On the other hand, the regulators I think is where it actually gets very different. We have GDPR in the EU, I believe the ability of regulators either in the EU or globally to enforce laws around privacy and sharing of data, I think that’s going to be the thing that could be a game-changer. Does Deloitte have an official prediction on this, no. Does Duncan have an official prediction? No, but at a very high level, if I’m not worried about the consumer reaction I instead would focus on what regulators do, I think that’s the thing that’s going to move the needle one way or the other. 

 

It makes me think of the old saying people used to say about cigarettes, ‘Quitting is easy, I’ve done it thousands of times!’ 

Well, the other thing is Ed, you and I have been covering the tech space for decades now, and when you look at ‘People are thinking this about Windows’, that wasn’t a big deal.
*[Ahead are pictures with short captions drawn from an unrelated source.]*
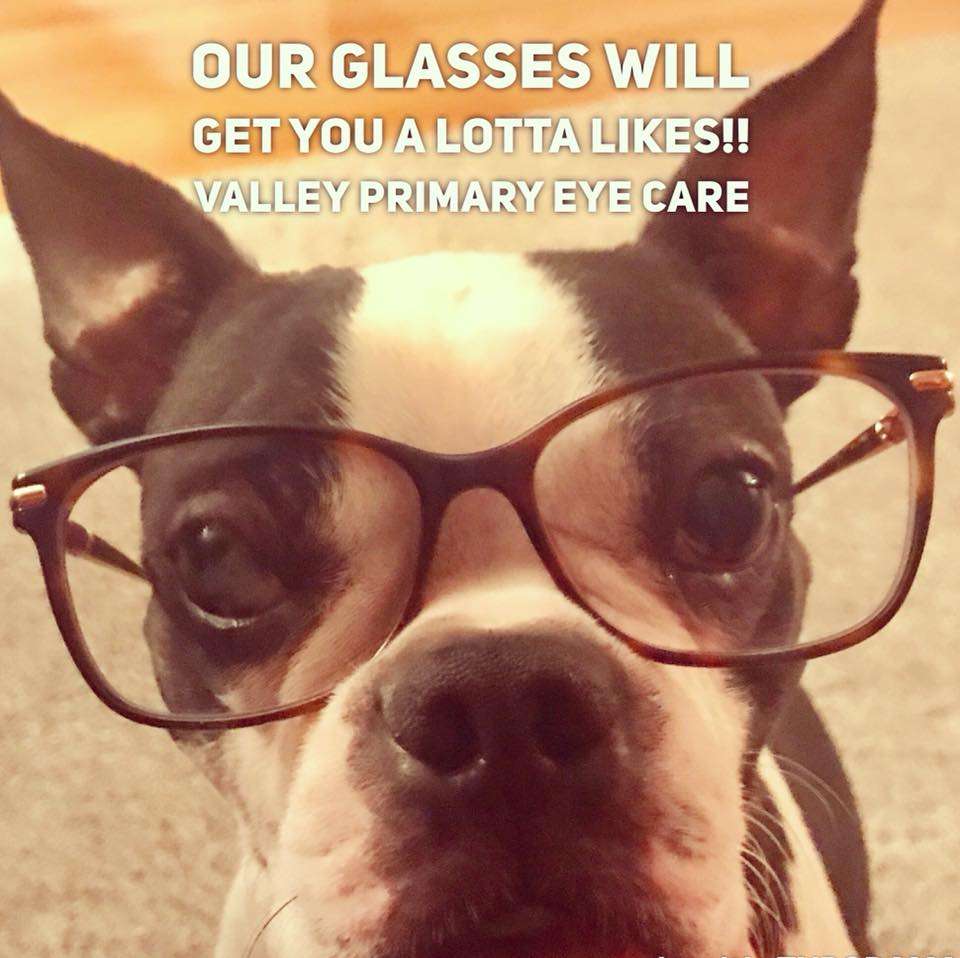 Valley Primary Eye Care LLC | 1088 Howertown Rd, Catasauqua, PA 18032, USA | Phone: (610) 264-4664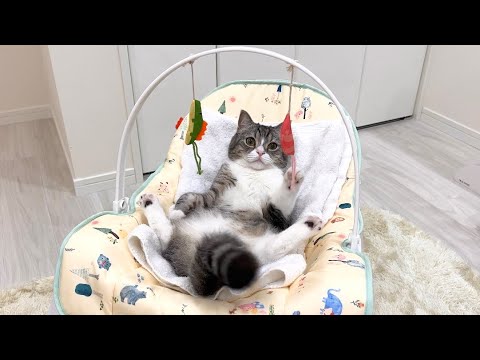 猫に赤ちゃん用のバウンサーをあげたら大喜びでかわいすぎた笑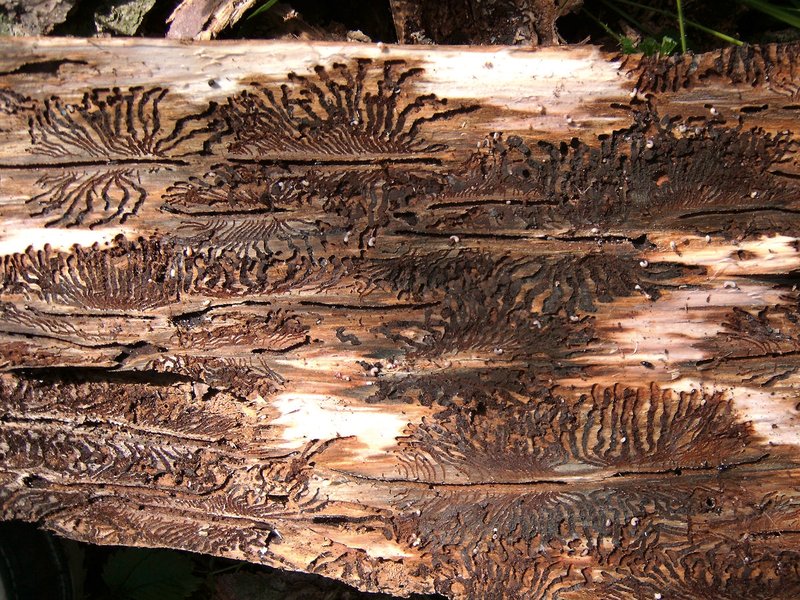 Holzstamm mit Fraßspuren des Borkenkäfers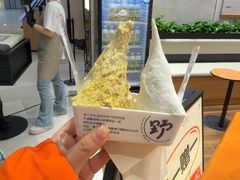 -野人先生现做冰淇淋(北京环宇荟店)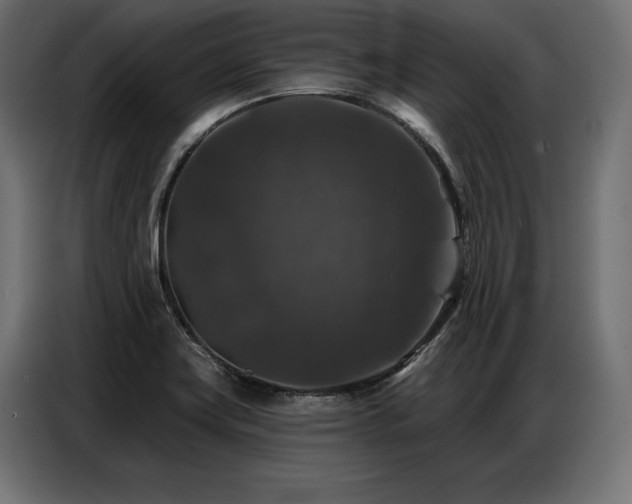 X0000086881419200704161211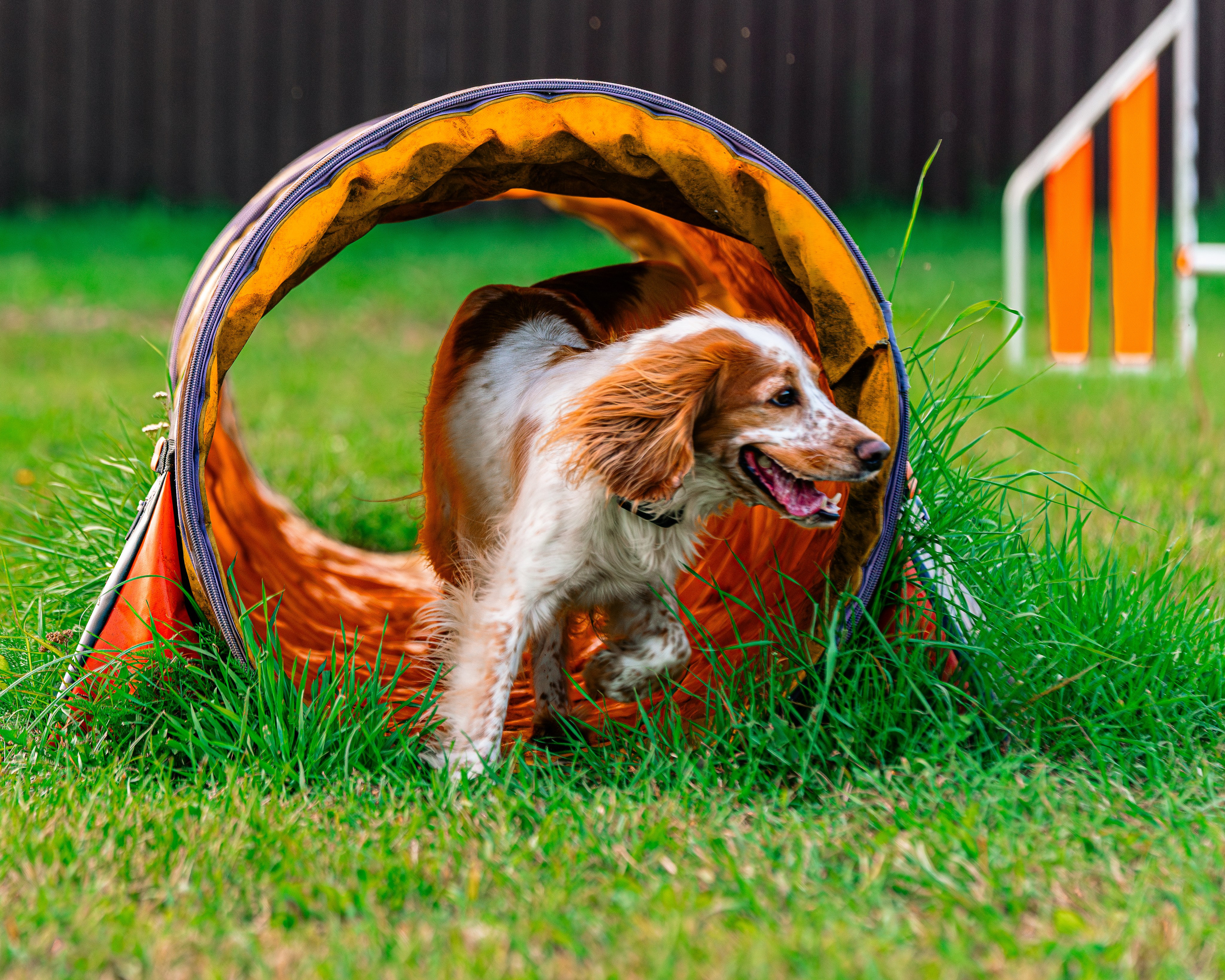 Ваш путь к ПОБЕДЕ (ТРЕНИРОВКИ). Фотограф-анималист, семейный фотограф в Москве и Подмосковье. Фотосъёмка кинологических дисциплин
On the other hand, here’s the anti-trust stuff, here’s what’s going on with Microsoft, here’s what went on with Intel, here’s what… going way back, take a look at the break-up of AT&T. When the regulators get involved things can actually change a lot. By the way, I’m not advocating that regulators should or should not, and I’m not suggesting what their actions should be, just as an observer of technology over three decades now, when the regulators get involved, sometimes big changes do occur. 

 

They do. I was having dinner last night with a friend of mine who is a first amendment lawyer, he’s a free speech expert, and a lot of his clients are very concerned about the data privacy issues that are emerging now are spurring in particular European regulators to be much-much more aggressive. It’s in his view that we can expect a lot more active, maybe potentially intrusive role from regulators all over.  
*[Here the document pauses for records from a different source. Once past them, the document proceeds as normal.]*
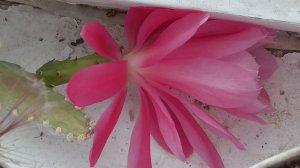 Сегодня 11 апреля 2026 год. У меня цветёт кактус. Лесной кактус — Эпифиллум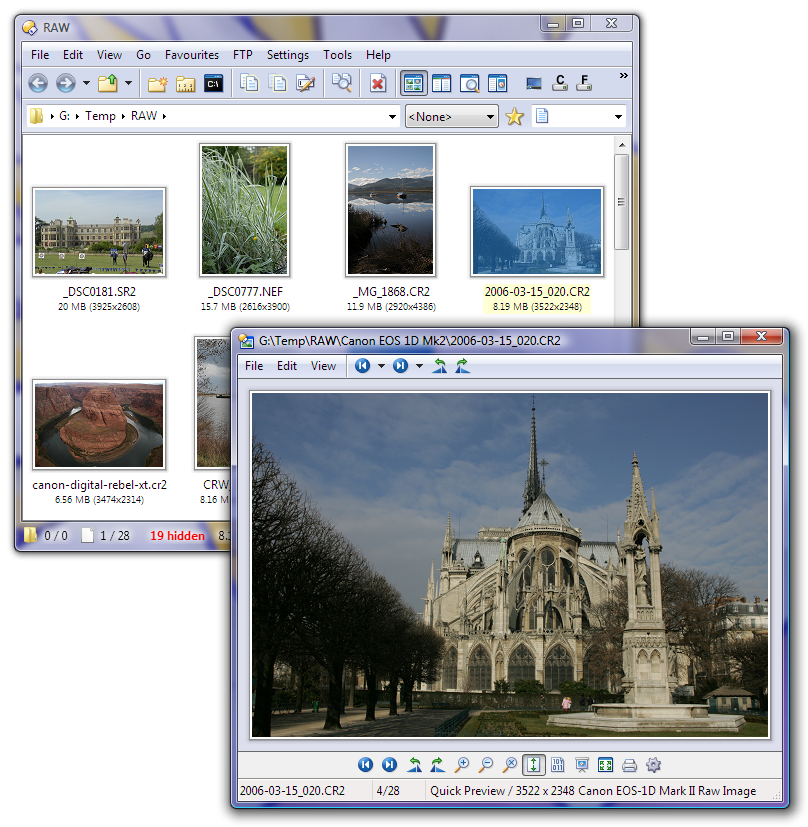 Raw image thumbnails and viewer window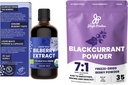 Pó de Selva Extrato de Amora Selvagem para Olhos USDA Organic 3.4oz Blackgrosent Powder Bundle Freeze Dried Black Groselha Extrato para Smoothies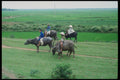 538019 Buffalo Boys In The Rain, Vietnam Laos A4 Photo Print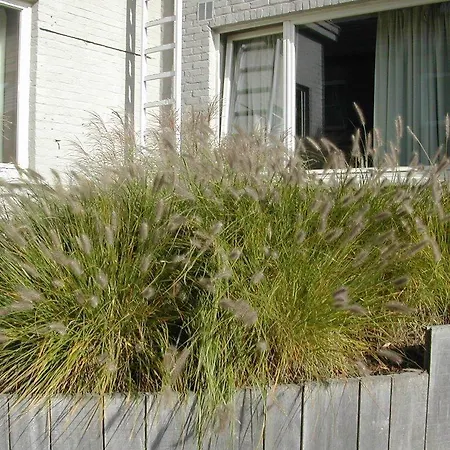 Hotel Piano 2 - Louvain-La-Neuve - Mont Saint Guibert Hotel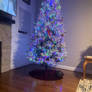 my tree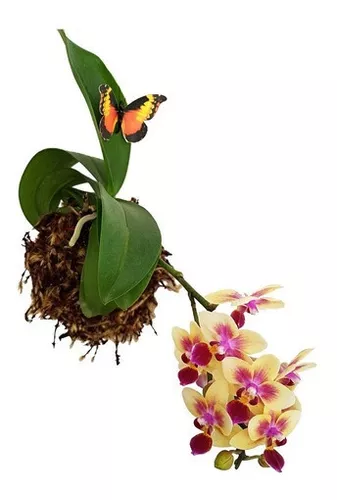 Arranjo Floral Kokedama Orquídea Phalaenopsis Mini Amarela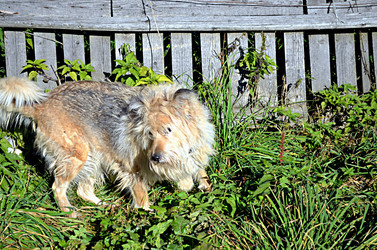 Similar image 22473263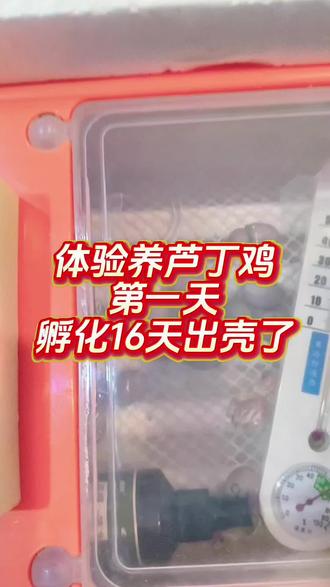 别说!几年前的孵化机还能用,出壳挺齐的,孵了16天,24个蛋,挑出不好的剩13个,应该都是同一天出壳,未完待续……#芦丁鸡 #孵化 #芦丁鸡养殖 #宠物鸡 #萌宠日常记录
Great, it’s been fantastic talking to you Duncan, your insights on so many different topics. It’s a lot to pack into a short conversation. I will post the links to your work in the show notes. The one thing I’d like to ask is if you can provide a recommendation for a good book or resource that you would recommend to your friends or colleagues, do tech related, could be anything. 
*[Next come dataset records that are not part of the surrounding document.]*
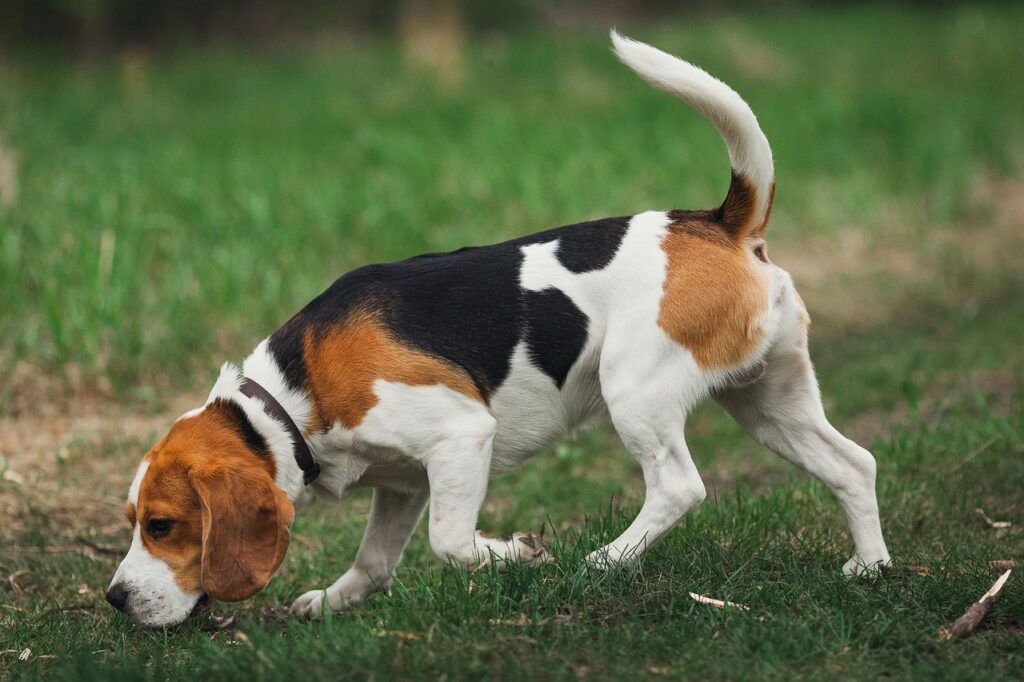 beagle dog sniffing the ground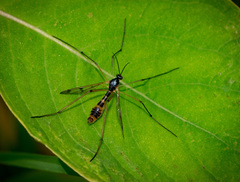 Ptychoptera quadrifasciata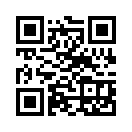 QR CODE 361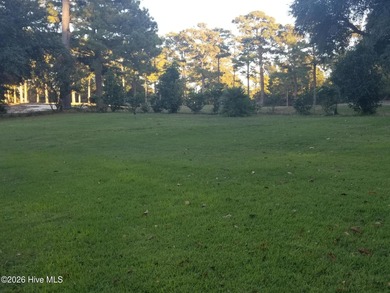 Luxury Golf Course Living - Fully Upgraded & Turnkey! Experience on Olde Point Golf and Country Club in North Carolina - for sale on GolfHomes.com, golf home, golf lot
Well that’s a wide-open question and it actually is right over the plate for me. I actually think that one of the things that helps me to write predictions more than anything else is reading Science Fiction. I love Science Fiction, I read a lot of other stuff too, but I read a lot of SF every year. Although I could recommend all kinds of stuff I’m sure, I just want to share one. 2018/17 has been… Im not American I’m Canadian, but there has been a lot of partisanship and a lot of negativity out there in the world and I don’t always love all that. So, there’s a couple books written by a woman named Becky Chambers and I’m also a big supporter of women in tech and I think that includes female writers in Science Fiction. So, Becky Chambers out there she’s written a couple books called The Long Way To a Small, Angry Planet and another one called A Closed and Common Orbit. Theyre both excellent Science Fiction and nominated for multiple awards, it’s a finalist for the Hugo. The thing is with Becky’s book is it describes a universe where there’s still conflict and so forth but where people get along. It’s a happy, happy Science Fiction universe. There’s still things that need to be solved, but it’s one of those books you read and you laugh and at the end of it you feel kind of good and positive. I think in 2018 we need books like that. So definitely recommending Becky Chambers two books, one from 2014 one from 2016 and shes got a third one coming out soon. 

That’s terrific Duncan, great recommendations. Its always nice to highlight these types of books because people are always looking for particularly something that will leave a smile on their face and get us away from some of the dystopian visions that seem to predominate. So, as always, Duncan its a pleasure to talk to you. We have been speaking with Duncan Stewart who heads up research for Deloitte’s TMT effort out of Canada. This is Ed Maguire, Insights Partner at Momenta Partners and this has been another episode of our Edge Podcast. Thank you for listening.